OK, I heard an absolutely horrible joke. I think it's funny but it is pretty wrong. I have a sick sence of humor. I take this stuff as a joke not serious. If you are easily offended, please don't read.
What is the difference between a Catholic Priest and acne?
Acne at least wait until you're 16 to come on your face!
sorry about the link, but i'm pictures 170, 171 and my husband is actually 172, 173...and no, he doesn't own a yami. that's his friend's quad...his steering stem on the 450r broke in two a mile into the race.......
wow, i'm quite appalled that noone has posted any more jokes since BEFORE i went on vacation....so I guess I'm goin to throw some gas on the wood to get the fire burning again........
soo I guess I'll continue to post in here BY MYSELFFFF
There was a cucumber, a pickle, and a penis sitting around talking about how their lives sucked.
The cucumber said, "Man, my life sucks.
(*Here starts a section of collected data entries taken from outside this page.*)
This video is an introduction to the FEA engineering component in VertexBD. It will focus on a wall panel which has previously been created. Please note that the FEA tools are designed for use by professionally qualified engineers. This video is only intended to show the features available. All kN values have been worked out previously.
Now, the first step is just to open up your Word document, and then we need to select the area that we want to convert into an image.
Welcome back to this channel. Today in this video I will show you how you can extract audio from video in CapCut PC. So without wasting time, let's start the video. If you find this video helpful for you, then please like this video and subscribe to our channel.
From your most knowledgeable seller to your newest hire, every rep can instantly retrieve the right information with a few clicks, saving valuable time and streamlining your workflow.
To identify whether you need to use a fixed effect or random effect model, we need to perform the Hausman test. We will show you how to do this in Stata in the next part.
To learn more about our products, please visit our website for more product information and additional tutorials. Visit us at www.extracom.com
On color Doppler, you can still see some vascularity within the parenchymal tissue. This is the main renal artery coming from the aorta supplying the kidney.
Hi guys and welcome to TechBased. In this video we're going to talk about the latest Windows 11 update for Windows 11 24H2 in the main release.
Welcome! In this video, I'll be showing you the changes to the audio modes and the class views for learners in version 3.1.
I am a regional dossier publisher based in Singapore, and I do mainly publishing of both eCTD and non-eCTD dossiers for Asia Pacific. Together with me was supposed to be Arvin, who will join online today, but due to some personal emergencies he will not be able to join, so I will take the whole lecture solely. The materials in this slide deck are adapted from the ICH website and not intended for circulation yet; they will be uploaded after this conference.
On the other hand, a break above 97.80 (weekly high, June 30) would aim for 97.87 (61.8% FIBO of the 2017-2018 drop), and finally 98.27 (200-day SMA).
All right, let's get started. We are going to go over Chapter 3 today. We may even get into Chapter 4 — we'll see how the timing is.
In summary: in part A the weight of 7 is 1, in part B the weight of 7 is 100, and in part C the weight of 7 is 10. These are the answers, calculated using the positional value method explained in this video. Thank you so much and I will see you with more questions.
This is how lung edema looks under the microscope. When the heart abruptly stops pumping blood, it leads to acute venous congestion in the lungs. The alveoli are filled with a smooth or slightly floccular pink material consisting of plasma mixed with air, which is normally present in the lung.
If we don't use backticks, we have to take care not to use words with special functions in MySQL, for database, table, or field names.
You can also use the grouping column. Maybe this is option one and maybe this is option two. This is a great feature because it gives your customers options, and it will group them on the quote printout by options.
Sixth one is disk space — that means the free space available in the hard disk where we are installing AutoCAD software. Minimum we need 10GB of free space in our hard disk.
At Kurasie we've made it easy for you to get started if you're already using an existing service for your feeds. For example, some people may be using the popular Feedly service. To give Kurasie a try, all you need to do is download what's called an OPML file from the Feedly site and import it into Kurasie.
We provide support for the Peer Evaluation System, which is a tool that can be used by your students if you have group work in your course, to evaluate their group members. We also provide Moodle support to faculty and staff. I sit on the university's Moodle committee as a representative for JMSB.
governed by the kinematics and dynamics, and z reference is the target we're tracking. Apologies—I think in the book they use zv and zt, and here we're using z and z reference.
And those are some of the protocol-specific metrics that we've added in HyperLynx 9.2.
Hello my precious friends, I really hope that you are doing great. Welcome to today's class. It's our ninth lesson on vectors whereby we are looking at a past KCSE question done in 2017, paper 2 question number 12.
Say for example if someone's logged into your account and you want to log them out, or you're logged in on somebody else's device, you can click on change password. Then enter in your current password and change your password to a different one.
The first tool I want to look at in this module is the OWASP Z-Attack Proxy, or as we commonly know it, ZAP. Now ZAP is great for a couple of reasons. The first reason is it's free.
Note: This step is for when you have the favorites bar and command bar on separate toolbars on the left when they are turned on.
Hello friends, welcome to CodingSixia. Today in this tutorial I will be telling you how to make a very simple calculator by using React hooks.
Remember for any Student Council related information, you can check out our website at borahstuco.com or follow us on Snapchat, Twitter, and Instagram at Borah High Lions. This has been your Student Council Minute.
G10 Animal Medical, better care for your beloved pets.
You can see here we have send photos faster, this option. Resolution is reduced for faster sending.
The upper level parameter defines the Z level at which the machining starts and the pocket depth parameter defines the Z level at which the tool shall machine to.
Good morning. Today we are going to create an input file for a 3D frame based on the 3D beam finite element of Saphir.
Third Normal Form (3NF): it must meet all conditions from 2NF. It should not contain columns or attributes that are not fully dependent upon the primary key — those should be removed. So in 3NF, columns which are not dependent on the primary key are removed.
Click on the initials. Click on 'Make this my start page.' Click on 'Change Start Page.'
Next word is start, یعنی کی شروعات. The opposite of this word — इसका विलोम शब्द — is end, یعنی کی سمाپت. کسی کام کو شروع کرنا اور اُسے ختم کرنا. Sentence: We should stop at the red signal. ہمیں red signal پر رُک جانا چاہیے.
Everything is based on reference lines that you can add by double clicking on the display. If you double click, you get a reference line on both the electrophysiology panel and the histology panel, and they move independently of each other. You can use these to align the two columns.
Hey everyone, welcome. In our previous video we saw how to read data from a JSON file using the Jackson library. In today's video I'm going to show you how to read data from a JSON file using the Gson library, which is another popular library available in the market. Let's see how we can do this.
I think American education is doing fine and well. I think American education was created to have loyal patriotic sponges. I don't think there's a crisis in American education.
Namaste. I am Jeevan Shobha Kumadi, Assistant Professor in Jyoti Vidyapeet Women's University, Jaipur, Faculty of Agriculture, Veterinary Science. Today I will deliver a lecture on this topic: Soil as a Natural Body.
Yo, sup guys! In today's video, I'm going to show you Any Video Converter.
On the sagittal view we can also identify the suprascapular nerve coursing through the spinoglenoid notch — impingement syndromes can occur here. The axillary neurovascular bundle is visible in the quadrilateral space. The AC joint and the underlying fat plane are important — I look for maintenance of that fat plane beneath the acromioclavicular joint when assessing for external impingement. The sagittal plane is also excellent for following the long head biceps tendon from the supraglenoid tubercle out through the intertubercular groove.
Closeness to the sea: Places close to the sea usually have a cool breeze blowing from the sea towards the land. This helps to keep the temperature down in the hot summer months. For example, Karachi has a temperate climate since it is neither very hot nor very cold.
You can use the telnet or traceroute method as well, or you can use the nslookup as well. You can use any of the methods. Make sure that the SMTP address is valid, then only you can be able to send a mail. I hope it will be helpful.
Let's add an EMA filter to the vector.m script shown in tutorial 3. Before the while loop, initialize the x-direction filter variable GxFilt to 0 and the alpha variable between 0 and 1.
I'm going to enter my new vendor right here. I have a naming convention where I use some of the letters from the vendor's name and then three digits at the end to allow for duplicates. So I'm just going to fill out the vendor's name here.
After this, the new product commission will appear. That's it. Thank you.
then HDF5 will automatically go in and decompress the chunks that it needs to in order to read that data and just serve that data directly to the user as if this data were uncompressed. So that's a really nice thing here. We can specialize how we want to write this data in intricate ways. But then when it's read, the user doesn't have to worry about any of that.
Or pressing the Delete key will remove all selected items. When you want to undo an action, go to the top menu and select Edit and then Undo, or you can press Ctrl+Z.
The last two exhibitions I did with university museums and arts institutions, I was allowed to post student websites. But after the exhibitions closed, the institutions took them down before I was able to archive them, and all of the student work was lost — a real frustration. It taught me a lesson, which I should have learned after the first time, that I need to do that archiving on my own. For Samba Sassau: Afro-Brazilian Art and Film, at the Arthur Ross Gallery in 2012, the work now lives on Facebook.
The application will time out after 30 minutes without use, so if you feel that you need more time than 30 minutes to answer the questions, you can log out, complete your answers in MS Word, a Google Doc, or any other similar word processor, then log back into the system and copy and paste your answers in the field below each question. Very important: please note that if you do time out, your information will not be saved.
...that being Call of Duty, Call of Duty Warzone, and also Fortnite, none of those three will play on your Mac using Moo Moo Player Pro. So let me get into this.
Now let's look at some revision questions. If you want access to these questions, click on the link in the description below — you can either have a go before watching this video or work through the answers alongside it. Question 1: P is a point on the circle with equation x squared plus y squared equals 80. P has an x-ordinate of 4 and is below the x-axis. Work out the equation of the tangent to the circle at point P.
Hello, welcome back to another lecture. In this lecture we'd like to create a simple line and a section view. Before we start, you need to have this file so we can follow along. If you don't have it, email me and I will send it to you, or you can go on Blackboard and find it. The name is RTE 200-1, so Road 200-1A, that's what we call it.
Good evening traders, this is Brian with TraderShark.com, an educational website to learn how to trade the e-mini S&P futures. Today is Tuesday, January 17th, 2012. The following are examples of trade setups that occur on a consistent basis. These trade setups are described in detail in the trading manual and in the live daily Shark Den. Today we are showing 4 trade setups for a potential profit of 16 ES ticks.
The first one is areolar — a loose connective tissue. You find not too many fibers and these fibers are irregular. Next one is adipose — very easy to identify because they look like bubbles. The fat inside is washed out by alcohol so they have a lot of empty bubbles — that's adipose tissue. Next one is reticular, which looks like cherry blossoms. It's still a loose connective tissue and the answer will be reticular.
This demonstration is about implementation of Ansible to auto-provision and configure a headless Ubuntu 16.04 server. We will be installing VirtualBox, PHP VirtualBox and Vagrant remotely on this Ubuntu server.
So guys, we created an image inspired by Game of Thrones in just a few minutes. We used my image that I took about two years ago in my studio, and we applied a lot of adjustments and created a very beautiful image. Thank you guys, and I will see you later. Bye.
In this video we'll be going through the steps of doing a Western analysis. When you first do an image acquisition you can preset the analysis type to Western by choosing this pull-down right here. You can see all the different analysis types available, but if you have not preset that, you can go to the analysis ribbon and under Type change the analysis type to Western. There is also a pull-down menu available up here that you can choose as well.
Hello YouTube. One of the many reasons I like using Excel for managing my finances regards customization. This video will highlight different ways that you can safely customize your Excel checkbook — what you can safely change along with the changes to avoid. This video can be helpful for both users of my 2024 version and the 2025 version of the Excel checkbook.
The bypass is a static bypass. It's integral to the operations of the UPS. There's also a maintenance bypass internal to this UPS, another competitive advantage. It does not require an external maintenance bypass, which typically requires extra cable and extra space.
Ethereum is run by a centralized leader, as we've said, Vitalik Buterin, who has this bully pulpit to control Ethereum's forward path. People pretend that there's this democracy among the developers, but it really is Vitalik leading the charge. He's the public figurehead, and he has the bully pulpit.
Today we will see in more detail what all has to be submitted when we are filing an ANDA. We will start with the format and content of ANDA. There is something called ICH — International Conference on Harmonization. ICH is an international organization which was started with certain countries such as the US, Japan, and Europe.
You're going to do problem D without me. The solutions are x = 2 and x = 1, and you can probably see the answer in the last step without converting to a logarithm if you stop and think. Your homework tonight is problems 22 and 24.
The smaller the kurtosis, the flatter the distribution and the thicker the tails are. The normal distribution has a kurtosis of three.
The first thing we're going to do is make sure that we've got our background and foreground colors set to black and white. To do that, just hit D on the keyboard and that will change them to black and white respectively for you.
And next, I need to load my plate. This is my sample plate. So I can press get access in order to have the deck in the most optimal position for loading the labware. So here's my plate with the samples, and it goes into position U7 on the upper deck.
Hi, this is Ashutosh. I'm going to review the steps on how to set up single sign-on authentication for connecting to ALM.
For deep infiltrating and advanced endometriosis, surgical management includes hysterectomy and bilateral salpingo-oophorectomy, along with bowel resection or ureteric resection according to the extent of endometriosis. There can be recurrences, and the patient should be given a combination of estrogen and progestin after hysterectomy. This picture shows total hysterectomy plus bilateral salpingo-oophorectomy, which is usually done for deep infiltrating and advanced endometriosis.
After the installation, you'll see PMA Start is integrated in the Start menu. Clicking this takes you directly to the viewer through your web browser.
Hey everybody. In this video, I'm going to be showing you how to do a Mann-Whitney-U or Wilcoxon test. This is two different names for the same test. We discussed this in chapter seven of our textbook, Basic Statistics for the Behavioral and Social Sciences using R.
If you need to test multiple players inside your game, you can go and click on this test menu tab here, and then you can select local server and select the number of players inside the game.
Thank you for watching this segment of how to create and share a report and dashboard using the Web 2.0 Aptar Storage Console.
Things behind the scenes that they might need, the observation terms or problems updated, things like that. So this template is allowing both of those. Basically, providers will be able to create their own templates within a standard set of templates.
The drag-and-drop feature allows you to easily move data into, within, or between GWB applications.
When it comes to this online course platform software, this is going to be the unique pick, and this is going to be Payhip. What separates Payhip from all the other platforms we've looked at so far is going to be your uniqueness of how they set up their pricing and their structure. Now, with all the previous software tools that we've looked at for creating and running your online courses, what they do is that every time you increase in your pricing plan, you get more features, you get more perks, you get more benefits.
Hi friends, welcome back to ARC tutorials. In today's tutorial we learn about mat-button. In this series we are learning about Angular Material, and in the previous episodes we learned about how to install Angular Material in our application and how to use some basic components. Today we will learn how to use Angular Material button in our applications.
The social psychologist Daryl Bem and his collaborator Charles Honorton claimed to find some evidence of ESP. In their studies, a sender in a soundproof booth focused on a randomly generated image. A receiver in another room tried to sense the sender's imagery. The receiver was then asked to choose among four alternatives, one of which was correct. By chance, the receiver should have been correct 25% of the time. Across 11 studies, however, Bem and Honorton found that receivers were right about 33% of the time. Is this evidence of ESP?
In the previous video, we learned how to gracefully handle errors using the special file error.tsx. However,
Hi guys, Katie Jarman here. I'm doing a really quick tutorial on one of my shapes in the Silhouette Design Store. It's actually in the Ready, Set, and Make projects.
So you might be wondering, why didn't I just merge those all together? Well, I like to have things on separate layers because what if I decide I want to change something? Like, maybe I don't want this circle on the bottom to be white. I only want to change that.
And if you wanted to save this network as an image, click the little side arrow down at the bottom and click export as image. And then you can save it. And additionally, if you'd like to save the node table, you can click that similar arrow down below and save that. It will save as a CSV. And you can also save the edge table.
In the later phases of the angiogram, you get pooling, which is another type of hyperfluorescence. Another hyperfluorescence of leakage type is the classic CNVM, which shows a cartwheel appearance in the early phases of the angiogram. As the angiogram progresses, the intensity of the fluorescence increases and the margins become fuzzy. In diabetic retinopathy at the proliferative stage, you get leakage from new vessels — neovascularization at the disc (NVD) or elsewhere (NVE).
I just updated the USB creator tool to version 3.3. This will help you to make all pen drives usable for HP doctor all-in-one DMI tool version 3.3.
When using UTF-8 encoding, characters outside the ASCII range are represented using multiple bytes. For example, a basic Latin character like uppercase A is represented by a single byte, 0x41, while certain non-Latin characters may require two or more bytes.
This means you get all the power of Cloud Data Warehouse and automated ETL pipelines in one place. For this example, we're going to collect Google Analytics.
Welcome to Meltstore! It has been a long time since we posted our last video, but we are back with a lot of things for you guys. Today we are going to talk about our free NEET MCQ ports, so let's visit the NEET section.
When I get big, fat, and juicy, they cut me up and stick me on a salad."
The pickle looks at him and says, "You think you have it bad? When I get big, fat, and juicy, they stick me in vinegar, put spices on me, and stick me in a jar."
The penis looks at him and says, "You think you have it rough? When I get big, fat, and juicy, they stick a rubber tarp on my head, stick me in a dark room, and bang my head against the wall until I throw up and pass out!."
A man who worked for the Fire Dept. came home from work one day and
told his wife, "We really have a wonderful system at the Fire Dept. Bell 1
rings, we all put on our coats, Bell 2 rings and we all slide down the pole, Bell 3
rings and we are on the truck ready to go. From now on we are going to run this
house the same way. When I say 'Bell 1,' you strip naked. 'Bell 2,' you jump into
bed. 'Bell 3,' we are going to make love all night."
The next night when he came home from work he yelled: "Bell 1." She
took off all her clothes. "Bell 2," she jumped into bed. "Bell 3," they began to
make love.
After a few minutes she yelled, "Bell 4."
He said, "What the hell is 'Bell 4'?"
"MORE HOSE," she responded. "YOU AIN'T NOWHERE NEAR THE FIRE."